Parlant du Burkina Faso, Damina a expliqué ceci: «Le mal qui nous ronge, est la résultante de plusieurs années de compromissions politiques, de contradictions sociales et d’amalgames de tous genres, qui ont fini par porter un coup fatal à l’équilibre délicat, que nos devanciers avaient réussi à trouver, pour permettre aux différentes communautés de vivre ensemble malgré leurs différences. Incapables d’initier le moindre sursaut collectif, nous avons laissé notre pays
sombrer (...)
A tous les niveaux, nous avons failli. A commencer par nous, Forces de défense et de sécurité, chargées de défendre notre territoire et de protéger nos populations. Les divisions internes nous ont fragilisés, au point de remettre en cause les valeurs qui faisaient la renommée du soldat Burkinabè. Cela se ressent très logiquement sur notre engagement et notre manière de mener la guerre contre le terrorisme. Certaines actions des nôtres ont malheureusement plus contribué à attiser le feu, plutôt qu’à l’éteindre. Cette réalité concerne également les VDP qui, malgré leur bravoure, ont
parfois été utilisés ou manipulés à des fins de vengeance au niveau communautaire.
La vérité est que cet état de délabrement moral, concerne toutes les composantes de notre société», a relevé Damiba
Pour Damiba : « Le laxisme et le clientélisme de tous genres, se sont érigés en règle, dans une administration publique prise en otage par des groupuscules. Dans les faits, le service public s’est mué en système de corruption, de clientélisme et de marchandage aux antipodes de la bonne gouvernance tant prônée. Au point où les populations ont fini par développer un sentiment de défiance envers les structures administratives publiques. Des commis de l’État, politisés et sans honte, devenus de
vrais rapaces, à l’affût de la moindre opportunité pour aspirer nos maigres ressources publiques. Le constat n’est guère plus reluisant sur le terrain de la justice en laquelle le Burkinabè a perdu grandement confiance.
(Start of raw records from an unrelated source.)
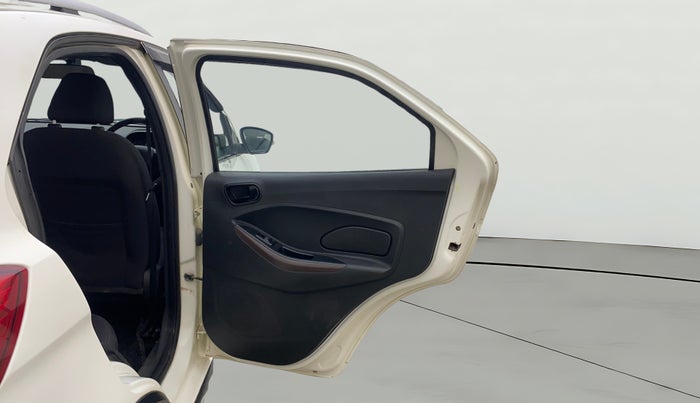 2020 Ford FREESTYLE TITANIUM 1.2 PETROL, Petrol, Manual, 1,14,560 km, RHS Rear Door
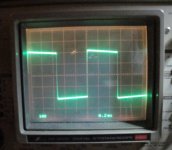scope trace resistive load.JPG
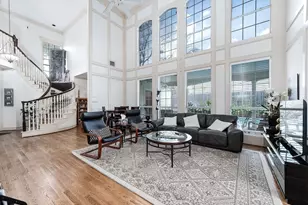 7110 Gary St, Houston, TX 77055 - Photo 2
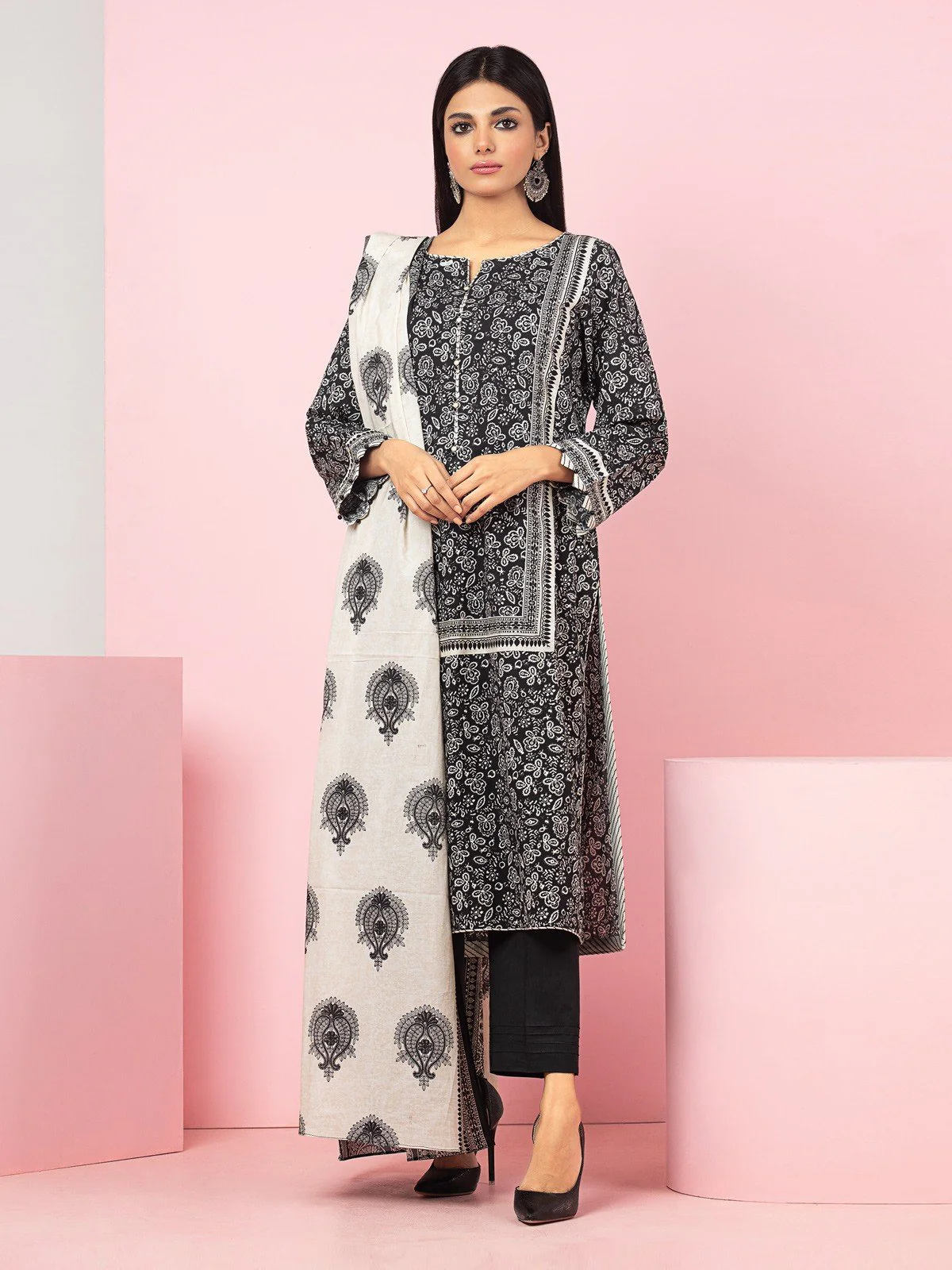 Printed Khaddar Suit - EWU22A3-24254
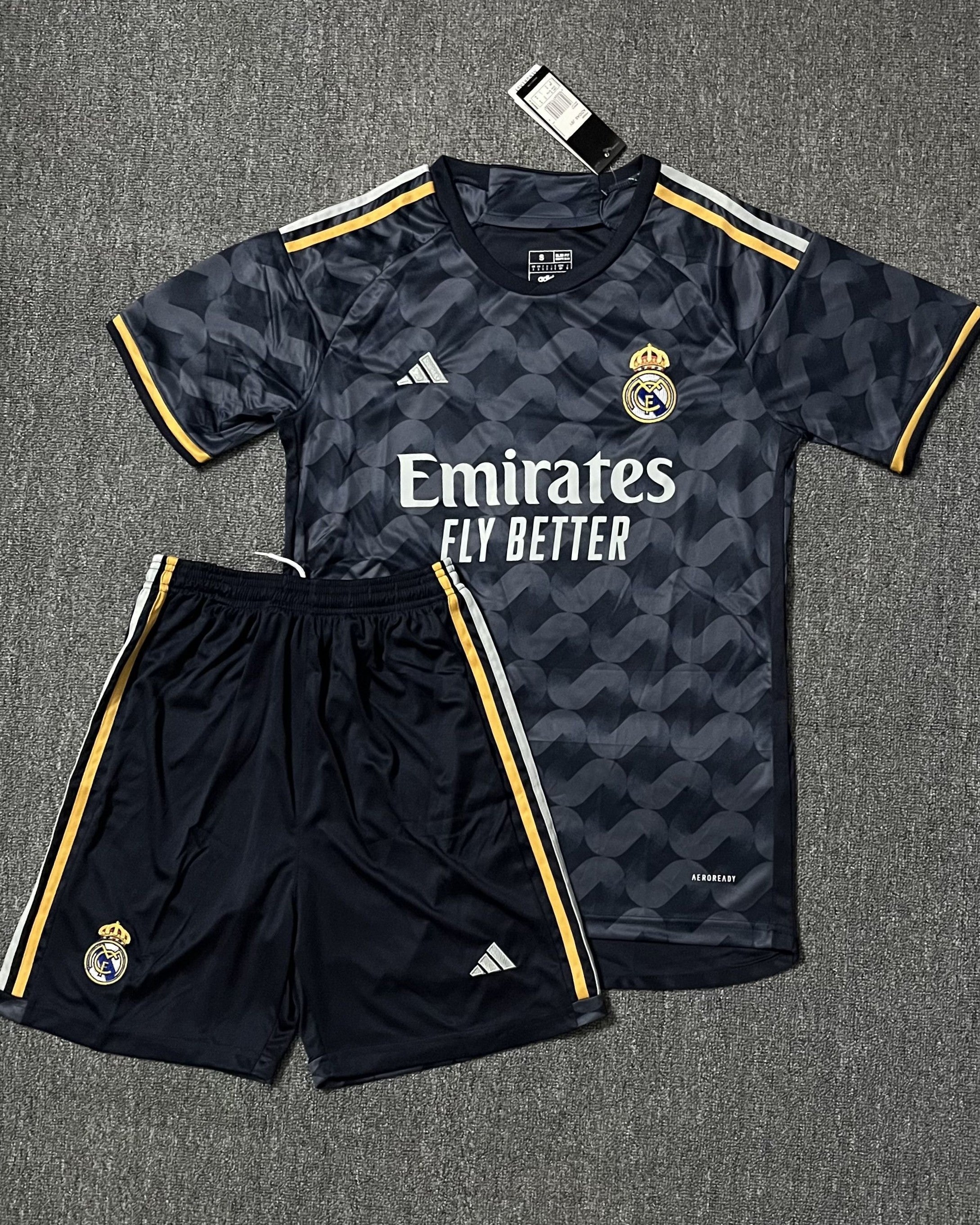 REAL MADRID Kit für Erwachsene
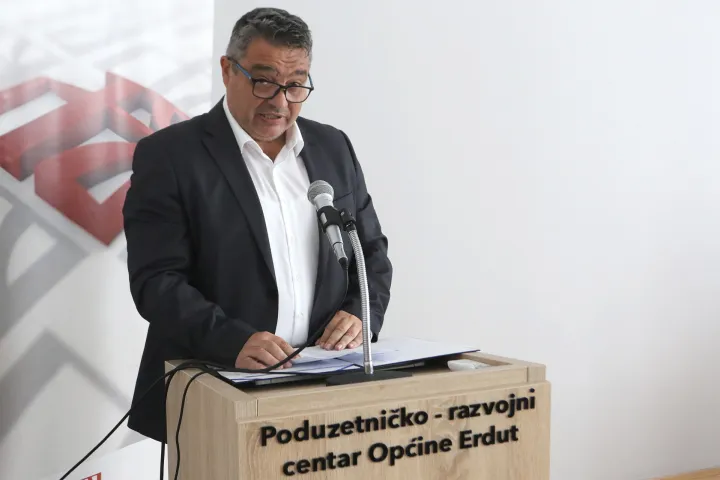 Dalj, 04. 09. 2025, Poduzetničko - razvojni centar Opećine Erdut, PORC. Međužupanijski stručni skup "Dalj, Aljmaš, Erdut 1991. - 1997.. Zlatan Bašić, državni tajnik u Ministarstvu branitelja.snimio GOJKO MITIĆ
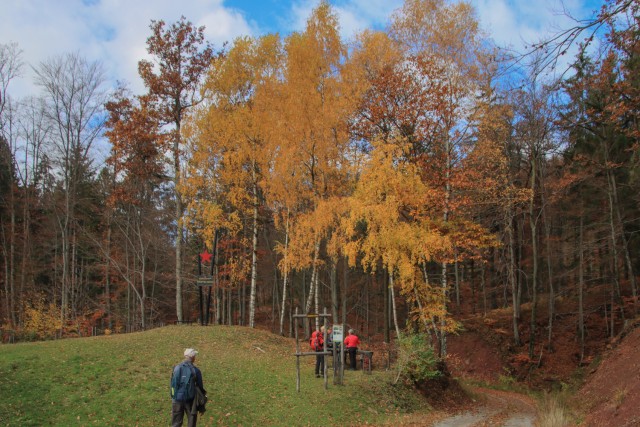 2021_11_09 Osredek - - Kal - Kladje - Osredek - foto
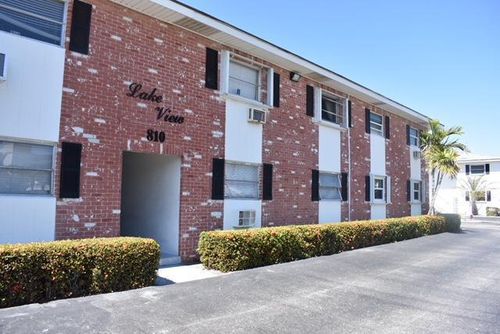 apt-16-810 Lake Shore Dr, Lake Park, FL, 33403-2946 | Card Image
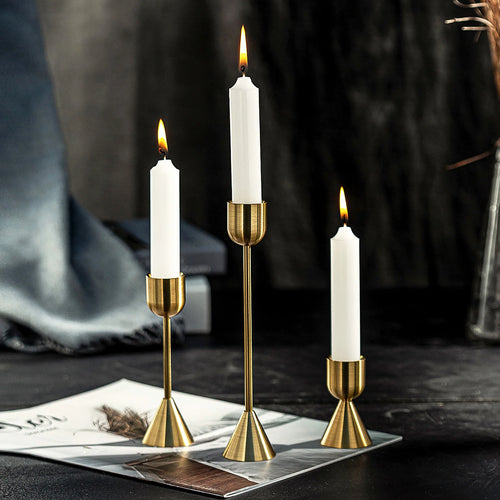 bougeoir en métal doré pour décorations de fêtes et mariages - vue 3 sur 24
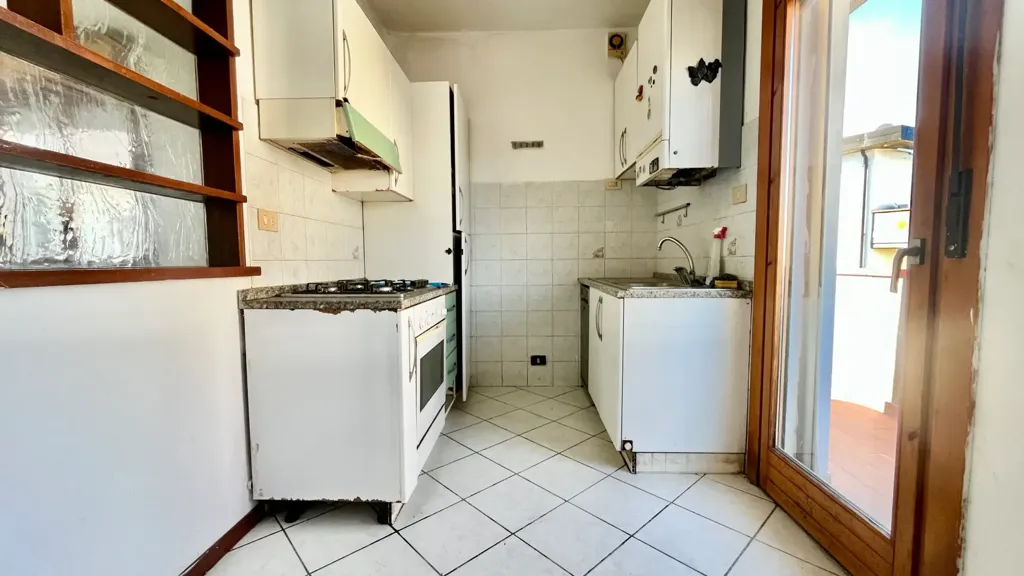 Cuisine - Apartment with Terrace in Calcinaia Centre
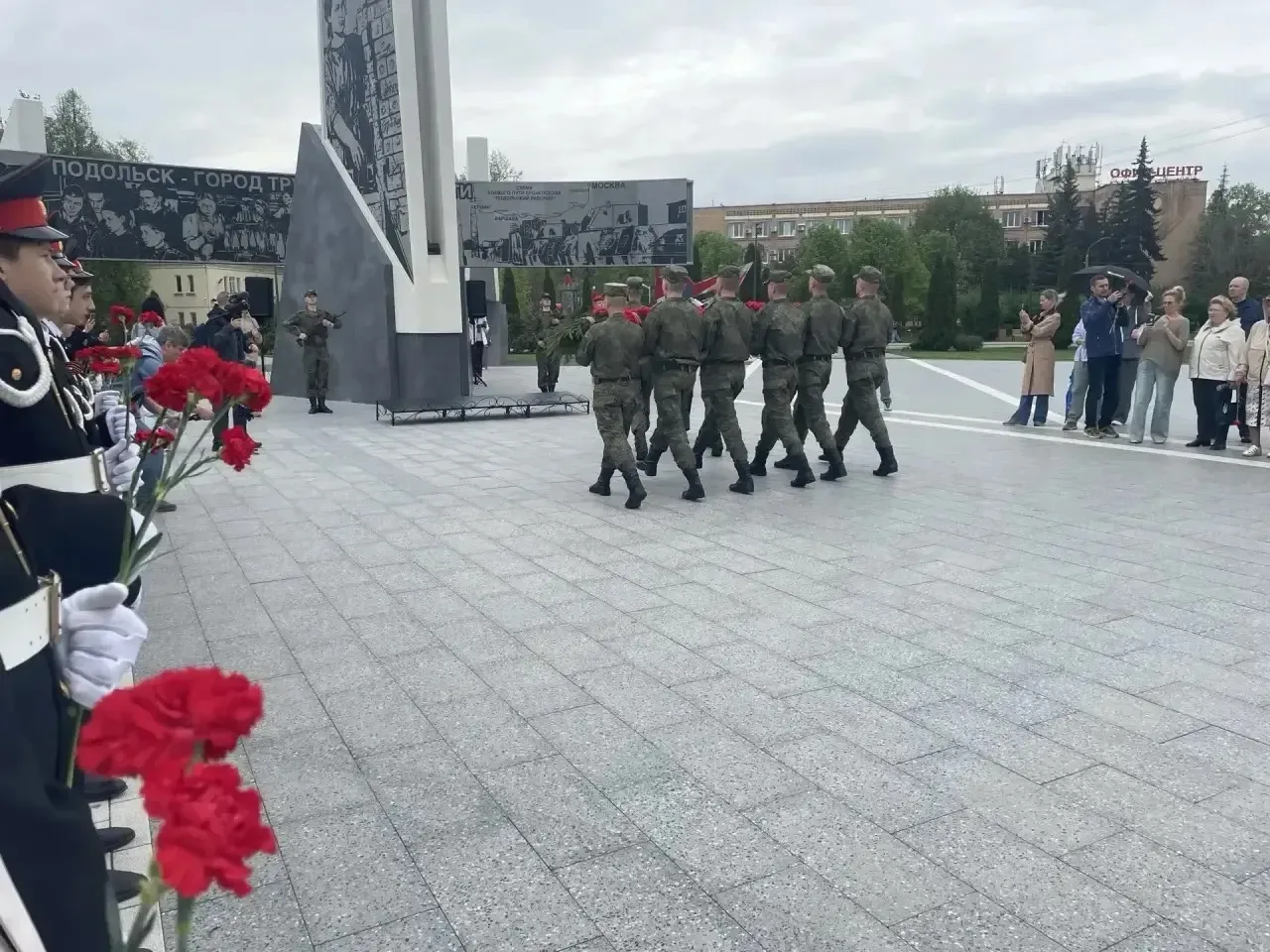 Сегодня, на кануне праздника великой Победы, кадеты и педагоги нашего лицея приняли участие в торжес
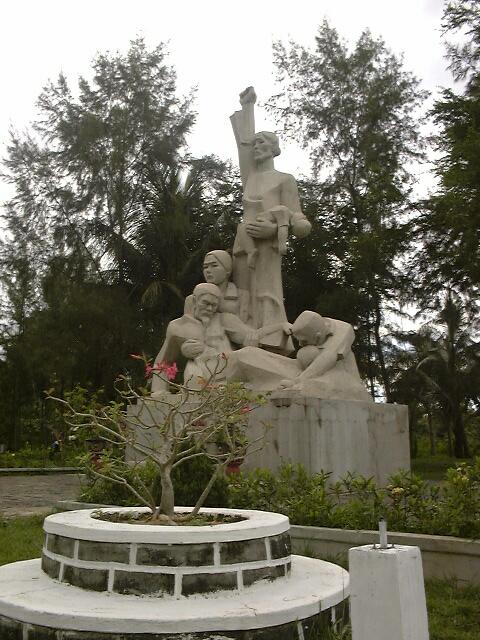 along the way we visited the memorial at Son My, better know to Americans as My Lai, site of the infamous massacre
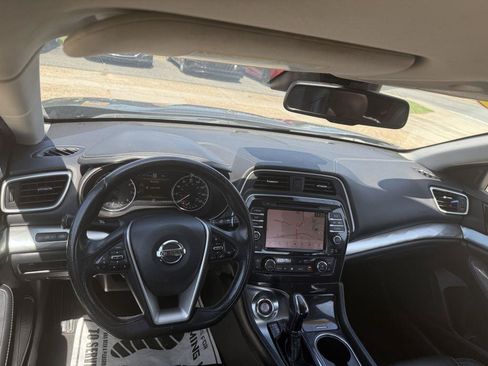 Used 2020 Nissan Maxima 3.5 SV w/ Floor Mat Group FWD image 15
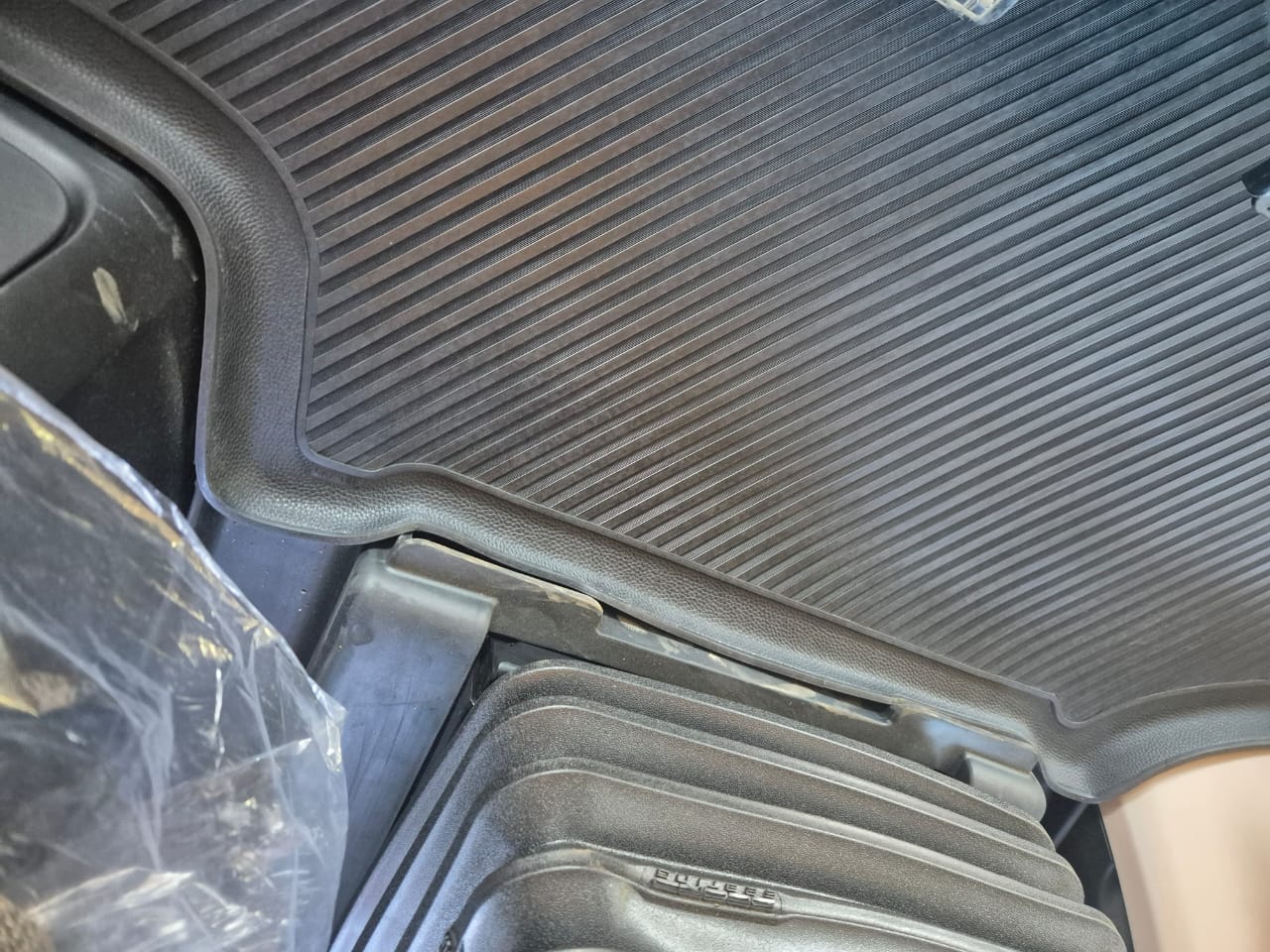 Case Magnum Fitted Rubber Mat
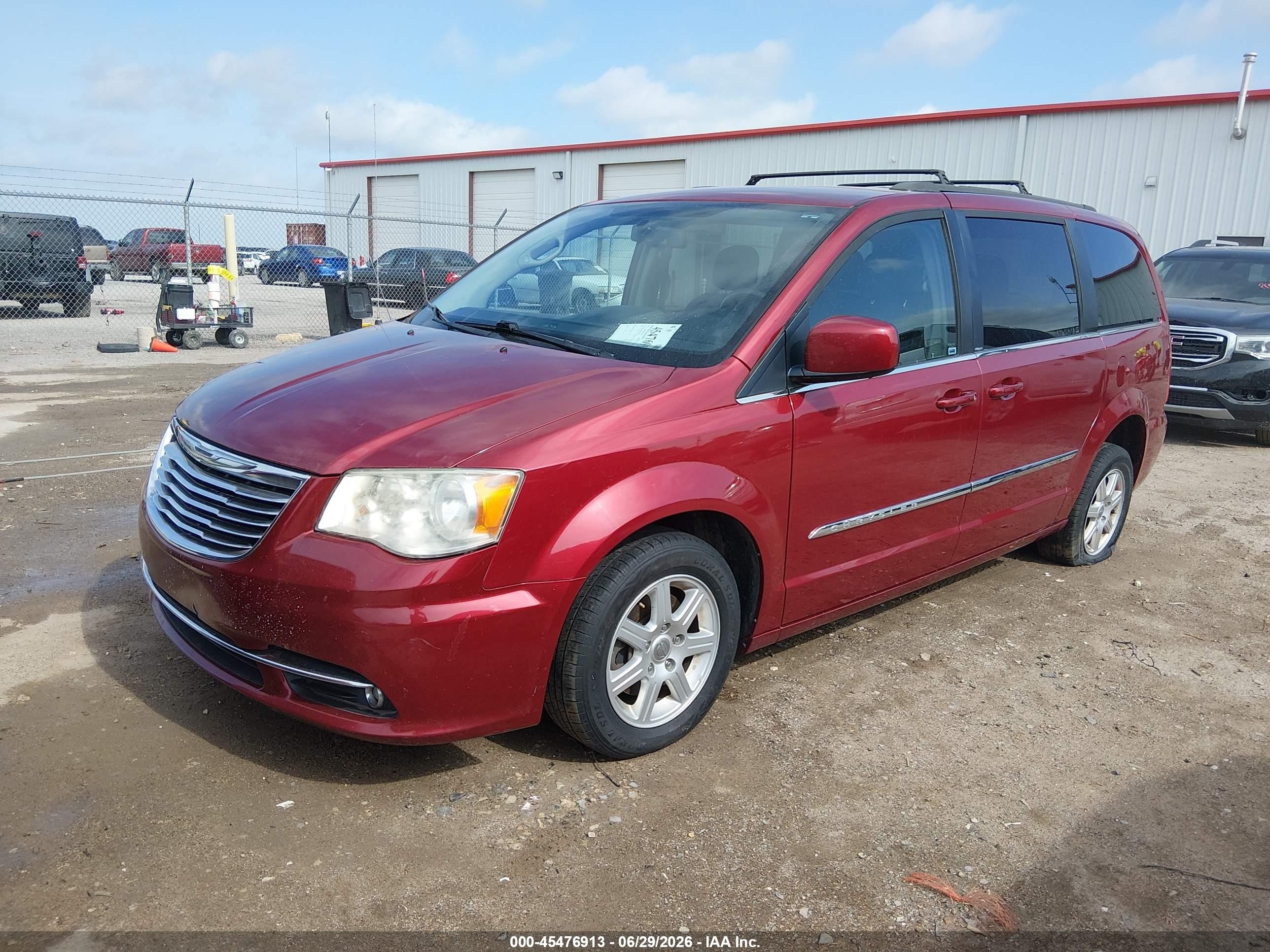 2013 Chrysler Town & Country Touring Red vin: 2C4RC1BG4DR657491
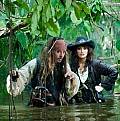 MEDIA - PIRATES DES CARAIBES 4  LA FONTAINE DE JOUVENCE New Photos From PIRATES OF THE CARIBBEAN ON STRANGER TIDES
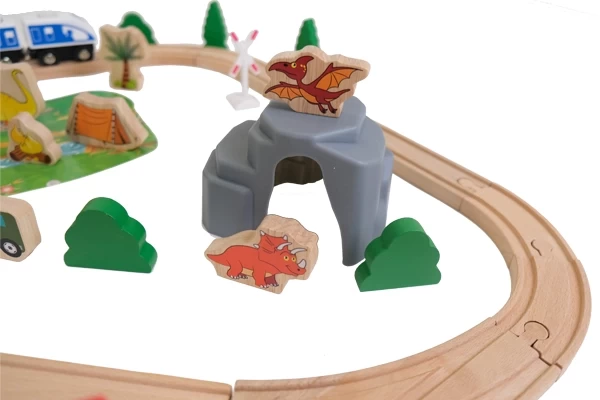 Kleine grot en houten figuurtjes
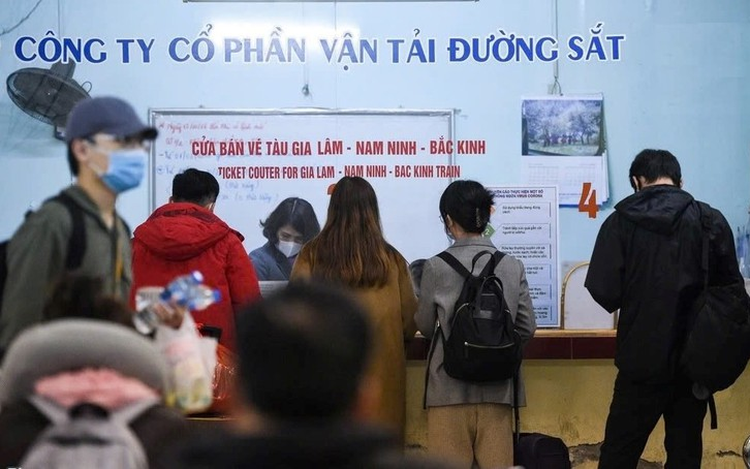 Vietnam–China passenger trains resume after five-year suspension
Une justice devenue un terrain d’affrontement politique et où les luttes intestines l’empêchent d’assumer son rôle de régulateur social. L’indépendance de la justice, saluée par tous il y a quelques années de cela, semble être mal assumée, et pose à nouveau l’épineuse question de l’homme des pouvoirs et des institutions. Au-dessus, il y a cette classe politique. Une élite censée traduire les aspirations profondes du peuple en projets salvateurs, mais qui malheureusement, s’est engluée dans les méandres de luttes aux finalités malsaines et opportunistes. Trop préoccupée par ses intérêts personnels,insoucieuse devant la désespérance de la population, elle a pour beaucoup fait le choix de rester dans des invectives inutiles, dans l’achat des consciences par des distributions d’argent, dont on doit chercher la provenance.
La consécration de l’impunité dans la gestion des deniers publics a contribué à exacerber le sentiment d’injustice sociale au point d’alimenter de nombreuses rancœurs contre l’Etat et ses démembrements.Et il y a enfin ce peuple. Ce pauvre peuple, laissé à lui-même, balloté de toutes parts, par les officines obscures
cachées derrière certaines technologies, et gavé d’informations alarmistes par certains médias devenus de dangereux outils de subversion. Un peuple qui n’a plus de
repère et qui n’arrive, ni à se mobiliser derrière son armée, ni à se révolter contre l’ennemi. Un peuple qui a troqué ses capacités de résilience contre un assistanat continu. Un peuple en quête permanente de bouc-émissaire. Un peuple qui est en train de perdre son âme mais qui ne s’en rend même pas compte. Un peuple qui semble avoir décidé de subir».